Whether the Act’s dispute resolution mechanism can be engaged in the absence of a notice from the building owner.

The Appellants argued that the section of the London Building Acts (Amendment) Act 1939 (the precursor to the 1996 Act) relating to dispute resolution (Section 55) made specific reference to the service of a notice whereas the corresponding section of the 1996 Act (Section 10) included no such reference.

The Respondent argued that common law rights were only supplanted by the rights provided in the 1996 Act if notice was served.

The Decision

The appeal was dismissed.

The Justices accepted the argument that the adjoining owner’s common law rights are supplanted “when the statute is invoked” and that the statute is invoked by the service of a party structure notice.

Justice Lewison’s view was that the difference in wording between the 2 Acts did not justify the radical change in procedure suggested.

How the Decision has Changed Procedures

Prior to this case, we would occasionally be asked by an adjoining owner to get involved in a dispute where the building owner had failed to serve notice. Generally, they were cases where the building owner had either made a genuine mistake or, let’s say, thought they could get away with it.

In the absence of any compelling case law, and a building owner who wanted to put things right, you could prepare a notice with a description of the works that was a little more nebulous than you would usually use, and proceed to an award in the normal way (not drawing attention to the fact that some works had been undertaken pre-notice except, possibly, a note to that effect in the schedule of condition).

We would only include non-notified works in an award in this new ‘No notice, no Act’ world if both owners provided written confirmation that the works should be treated as if they had all been properly notified.

It was only ever a brave surveyor that would accept an appointment on behalf of the adjoining owner where notice had not been served and the building owner remained incalcitrant. I did receive some such requests, including one from a solicitor who assured me that the difference between Section 10/1996 and Section 55/1939 provided all the cover I needed, but I was not convinced.


Final notes

It has been argued, principally by Matthew Hearsum in Ben Mackie’s excellent 2024 collection of party wall related articles (3 of which relate to this case), that the option to rely on common law rights cuts both ways e.g. that an owner planning to excavate on their own land can rely on their common law right to do as they wish with their land (provided they cause no damage or unlawful interference with adjoining land) rather than their rights under Section 6 of the Act.

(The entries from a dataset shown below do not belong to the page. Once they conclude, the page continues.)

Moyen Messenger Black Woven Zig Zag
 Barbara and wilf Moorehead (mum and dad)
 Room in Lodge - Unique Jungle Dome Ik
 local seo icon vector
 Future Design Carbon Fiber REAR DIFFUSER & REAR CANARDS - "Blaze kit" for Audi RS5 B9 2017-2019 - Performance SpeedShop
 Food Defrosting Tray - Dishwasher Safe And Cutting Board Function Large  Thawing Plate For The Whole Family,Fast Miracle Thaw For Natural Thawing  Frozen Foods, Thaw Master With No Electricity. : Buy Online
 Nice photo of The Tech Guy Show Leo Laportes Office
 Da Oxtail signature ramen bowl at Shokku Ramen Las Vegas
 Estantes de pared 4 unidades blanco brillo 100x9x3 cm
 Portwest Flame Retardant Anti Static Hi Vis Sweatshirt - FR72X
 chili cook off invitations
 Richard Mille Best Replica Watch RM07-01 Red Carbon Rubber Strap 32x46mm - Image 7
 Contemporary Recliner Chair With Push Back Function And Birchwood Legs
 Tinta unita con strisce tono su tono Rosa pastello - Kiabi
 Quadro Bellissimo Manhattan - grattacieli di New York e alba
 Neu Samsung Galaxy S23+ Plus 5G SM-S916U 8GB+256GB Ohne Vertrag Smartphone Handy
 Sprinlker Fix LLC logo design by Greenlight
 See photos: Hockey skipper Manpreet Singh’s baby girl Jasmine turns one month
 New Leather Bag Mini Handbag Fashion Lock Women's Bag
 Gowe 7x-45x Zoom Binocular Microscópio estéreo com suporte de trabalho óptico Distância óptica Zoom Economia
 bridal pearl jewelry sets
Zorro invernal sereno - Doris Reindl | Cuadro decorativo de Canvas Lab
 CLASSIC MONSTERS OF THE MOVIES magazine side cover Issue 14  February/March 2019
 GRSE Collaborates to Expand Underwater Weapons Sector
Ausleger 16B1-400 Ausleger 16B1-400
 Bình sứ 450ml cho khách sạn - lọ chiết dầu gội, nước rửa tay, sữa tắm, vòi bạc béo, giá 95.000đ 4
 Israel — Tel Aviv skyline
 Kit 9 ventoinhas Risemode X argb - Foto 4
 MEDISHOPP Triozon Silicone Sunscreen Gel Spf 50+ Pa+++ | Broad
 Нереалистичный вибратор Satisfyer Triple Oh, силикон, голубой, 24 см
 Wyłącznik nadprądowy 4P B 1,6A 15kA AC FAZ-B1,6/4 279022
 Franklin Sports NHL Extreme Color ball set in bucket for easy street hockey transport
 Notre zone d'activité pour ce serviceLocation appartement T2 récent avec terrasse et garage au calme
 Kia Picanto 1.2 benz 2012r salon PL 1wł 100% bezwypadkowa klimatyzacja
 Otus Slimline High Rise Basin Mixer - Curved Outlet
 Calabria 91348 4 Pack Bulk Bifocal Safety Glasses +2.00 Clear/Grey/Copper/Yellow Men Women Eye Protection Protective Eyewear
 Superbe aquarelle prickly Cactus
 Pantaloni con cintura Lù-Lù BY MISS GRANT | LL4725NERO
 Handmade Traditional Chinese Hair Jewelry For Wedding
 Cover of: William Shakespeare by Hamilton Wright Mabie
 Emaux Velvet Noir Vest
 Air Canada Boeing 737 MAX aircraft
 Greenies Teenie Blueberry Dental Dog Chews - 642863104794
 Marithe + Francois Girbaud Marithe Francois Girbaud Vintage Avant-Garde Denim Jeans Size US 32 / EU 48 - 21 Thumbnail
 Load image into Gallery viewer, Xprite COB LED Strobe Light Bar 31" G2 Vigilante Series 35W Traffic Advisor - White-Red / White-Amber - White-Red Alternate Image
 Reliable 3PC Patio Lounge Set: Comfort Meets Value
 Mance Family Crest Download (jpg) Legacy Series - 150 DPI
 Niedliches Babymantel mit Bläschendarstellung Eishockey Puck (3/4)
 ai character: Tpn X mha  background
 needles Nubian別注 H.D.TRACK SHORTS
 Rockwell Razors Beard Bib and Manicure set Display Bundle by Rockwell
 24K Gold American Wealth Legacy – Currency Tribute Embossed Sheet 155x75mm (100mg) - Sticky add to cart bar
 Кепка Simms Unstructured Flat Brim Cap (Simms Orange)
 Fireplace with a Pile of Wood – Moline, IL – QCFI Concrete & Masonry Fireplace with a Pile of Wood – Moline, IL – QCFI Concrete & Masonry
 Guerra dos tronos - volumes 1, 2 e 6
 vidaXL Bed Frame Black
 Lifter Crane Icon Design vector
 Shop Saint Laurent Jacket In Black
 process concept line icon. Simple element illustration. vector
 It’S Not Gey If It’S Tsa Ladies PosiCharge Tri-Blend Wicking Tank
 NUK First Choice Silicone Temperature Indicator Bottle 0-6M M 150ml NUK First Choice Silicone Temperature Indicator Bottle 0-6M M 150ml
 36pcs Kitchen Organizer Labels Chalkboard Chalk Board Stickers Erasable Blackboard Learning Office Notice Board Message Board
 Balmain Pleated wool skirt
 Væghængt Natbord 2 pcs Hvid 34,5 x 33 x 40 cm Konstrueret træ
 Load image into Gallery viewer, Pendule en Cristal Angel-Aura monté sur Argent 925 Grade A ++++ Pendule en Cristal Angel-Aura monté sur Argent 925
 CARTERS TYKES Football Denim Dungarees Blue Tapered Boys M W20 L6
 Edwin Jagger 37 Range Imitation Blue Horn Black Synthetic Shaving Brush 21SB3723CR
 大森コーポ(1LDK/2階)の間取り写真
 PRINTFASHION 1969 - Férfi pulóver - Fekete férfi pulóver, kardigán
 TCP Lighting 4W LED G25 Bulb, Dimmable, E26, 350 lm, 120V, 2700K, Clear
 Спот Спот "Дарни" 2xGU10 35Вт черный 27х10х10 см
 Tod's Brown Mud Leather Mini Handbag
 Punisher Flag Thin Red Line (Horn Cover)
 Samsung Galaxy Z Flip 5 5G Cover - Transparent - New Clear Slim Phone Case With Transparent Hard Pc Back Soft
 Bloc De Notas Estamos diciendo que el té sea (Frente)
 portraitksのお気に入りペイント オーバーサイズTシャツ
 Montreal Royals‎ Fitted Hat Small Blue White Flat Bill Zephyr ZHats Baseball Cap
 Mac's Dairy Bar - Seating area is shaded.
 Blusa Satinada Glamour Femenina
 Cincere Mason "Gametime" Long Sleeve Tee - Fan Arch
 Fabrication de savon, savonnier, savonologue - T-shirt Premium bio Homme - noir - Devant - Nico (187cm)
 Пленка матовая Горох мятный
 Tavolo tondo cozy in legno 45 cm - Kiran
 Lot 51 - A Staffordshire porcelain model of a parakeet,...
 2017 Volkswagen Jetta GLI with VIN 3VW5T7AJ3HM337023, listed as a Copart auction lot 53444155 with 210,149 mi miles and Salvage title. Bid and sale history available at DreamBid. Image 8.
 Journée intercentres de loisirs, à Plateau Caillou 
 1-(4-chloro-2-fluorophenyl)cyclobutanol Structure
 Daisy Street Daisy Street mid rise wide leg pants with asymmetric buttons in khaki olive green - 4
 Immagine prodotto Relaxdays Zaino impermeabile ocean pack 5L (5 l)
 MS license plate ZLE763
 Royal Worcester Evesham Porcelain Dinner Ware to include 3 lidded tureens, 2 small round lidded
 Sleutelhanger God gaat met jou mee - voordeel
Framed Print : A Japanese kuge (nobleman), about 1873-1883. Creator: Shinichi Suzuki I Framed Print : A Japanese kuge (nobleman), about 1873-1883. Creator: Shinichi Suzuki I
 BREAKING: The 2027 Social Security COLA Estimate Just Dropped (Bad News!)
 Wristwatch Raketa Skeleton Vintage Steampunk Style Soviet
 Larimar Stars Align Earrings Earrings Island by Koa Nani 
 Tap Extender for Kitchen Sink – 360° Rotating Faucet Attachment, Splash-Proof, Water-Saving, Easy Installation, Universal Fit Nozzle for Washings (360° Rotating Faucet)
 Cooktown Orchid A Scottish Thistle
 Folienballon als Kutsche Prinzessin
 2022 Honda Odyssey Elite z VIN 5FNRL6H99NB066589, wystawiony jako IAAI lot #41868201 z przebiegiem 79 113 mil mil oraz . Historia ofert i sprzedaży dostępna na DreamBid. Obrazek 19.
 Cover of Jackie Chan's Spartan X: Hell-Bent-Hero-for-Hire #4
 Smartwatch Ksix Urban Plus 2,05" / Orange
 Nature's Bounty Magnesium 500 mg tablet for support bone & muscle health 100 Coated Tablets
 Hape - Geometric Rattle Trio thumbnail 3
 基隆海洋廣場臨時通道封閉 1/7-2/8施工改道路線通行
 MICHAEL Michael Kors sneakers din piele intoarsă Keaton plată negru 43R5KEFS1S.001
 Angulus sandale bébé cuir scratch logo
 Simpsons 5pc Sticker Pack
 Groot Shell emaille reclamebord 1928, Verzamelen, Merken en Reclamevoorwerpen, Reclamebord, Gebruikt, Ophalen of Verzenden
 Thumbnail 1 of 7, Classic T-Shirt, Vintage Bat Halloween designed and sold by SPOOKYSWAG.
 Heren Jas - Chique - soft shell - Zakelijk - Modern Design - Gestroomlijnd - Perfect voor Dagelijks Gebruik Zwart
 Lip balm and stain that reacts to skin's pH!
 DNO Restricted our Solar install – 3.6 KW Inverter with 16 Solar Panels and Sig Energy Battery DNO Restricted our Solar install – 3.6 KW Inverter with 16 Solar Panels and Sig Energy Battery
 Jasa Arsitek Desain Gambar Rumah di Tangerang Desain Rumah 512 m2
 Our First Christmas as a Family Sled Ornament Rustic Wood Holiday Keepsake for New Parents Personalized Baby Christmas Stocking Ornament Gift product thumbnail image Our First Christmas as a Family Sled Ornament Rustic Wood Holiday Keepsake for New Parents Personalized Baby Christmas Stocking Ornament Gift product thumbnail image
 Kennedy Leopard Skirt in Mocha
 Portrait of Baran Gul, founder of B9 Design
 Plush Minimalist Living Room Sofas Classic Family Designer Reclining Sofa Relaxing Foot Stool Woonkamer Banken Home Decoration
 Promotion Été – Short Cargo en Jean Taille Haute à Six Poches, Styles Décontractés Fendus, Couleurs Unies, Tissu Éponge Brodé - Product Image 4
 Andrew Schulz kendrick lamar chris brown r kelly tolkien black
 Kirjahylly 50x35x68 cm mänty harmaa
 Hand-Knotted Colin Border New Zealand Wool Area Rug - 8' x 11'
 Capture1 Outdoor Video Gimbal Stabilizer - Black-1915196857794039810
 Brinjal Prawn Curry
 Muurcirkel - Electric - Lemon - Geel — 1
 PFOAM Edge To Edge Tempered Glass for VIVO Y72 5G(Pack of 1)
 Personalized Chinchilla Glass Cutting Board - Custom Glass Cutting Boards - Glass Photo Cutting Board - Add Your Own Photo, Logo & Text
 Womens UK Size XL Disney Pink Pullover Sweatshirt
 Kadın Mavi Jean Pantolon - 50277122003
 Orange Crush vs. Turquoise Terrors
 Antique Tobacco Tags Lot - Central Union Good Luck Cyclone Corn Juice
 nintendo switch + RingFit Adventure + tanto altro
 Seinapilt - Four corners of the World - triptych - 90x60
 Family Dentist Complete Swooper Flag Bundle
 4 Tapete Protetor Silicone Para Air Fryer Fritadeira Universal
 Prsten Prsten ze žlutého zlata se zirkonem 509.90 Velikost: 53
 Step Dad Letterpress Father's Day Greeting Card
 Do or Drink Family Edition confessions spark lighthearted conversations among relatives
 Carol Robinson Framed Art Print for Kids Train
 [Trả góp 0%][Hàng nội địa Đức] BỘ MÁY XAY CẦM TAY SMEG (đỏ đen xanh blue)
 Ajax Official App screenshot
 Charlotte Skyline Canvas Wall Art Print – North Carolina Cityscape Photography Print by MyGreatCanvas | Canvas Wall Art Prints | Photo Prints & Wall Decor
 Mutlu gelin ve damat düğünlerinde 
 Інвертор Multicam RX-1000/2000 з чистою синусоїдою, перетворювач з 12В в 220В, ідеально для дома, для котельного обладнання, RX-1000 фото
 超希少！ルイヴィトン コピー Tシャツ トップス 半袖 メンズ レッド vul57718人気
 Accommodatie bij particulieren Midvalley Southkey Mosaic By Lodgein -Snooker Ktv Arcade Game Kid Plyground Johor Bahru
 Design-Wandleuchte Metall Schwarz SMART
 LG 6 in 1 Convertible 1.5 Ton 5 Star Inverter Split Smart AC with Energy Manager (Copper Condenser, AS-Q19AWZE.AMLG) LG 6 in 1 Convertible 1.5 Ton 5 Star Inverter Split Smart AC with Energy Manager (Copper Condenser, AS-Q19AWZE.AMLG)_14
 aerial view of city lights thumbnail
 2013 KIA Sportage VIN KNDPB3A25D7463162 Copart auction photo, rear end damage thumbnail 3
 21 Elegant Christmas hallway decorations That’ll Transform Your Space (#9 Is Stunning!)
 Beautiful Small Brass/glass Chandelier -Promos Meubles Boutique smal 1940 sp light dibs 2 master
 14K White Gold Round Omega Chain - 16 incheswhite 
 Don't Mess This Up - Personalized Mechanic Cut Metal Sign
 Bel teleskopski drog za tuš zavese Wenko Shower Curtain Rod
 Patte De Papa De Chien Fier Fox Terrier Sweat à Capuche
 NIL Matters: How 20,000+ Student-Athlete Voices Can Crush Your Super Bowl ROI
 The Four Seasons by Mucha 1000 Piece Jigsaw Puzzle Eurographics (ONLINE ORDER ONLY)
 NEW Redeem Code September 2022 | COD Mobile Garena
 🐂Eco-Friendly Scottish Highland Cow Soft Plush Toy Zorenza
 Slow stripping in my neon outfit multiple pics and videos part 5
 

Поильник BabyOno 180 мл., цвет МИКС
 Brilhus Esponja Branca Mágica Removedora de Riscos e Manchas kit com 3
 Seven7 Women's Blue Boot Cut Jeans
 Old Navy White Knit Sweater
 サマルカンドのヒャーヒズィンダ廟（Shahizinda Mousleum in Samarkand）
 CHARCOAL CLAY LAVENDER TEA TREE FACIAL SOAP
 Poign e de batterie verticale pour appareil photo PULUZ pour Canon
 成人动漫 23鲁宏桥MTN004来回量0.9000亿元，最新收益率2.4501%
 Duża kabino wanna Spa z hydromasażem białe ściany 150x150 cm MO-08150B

Former judge Bailey strongly refuted this suggestion in an FPWS seminar that I attended following publication of Matthew’s article on the basis that the requirement to serve notice is very clear in Section 6(5) of the Act. The judgement in Kaye v Lawrence (2010) confirmed that where work falls within the scope of the Act, an owner’s common law rights, such as the right to excavate on your own land, is supplanted by the Act. Matthew did, sensibly, caveat his theory with a recommendation that building owners should seek their own legal advice and I think we can guess how those conversations are likely to go.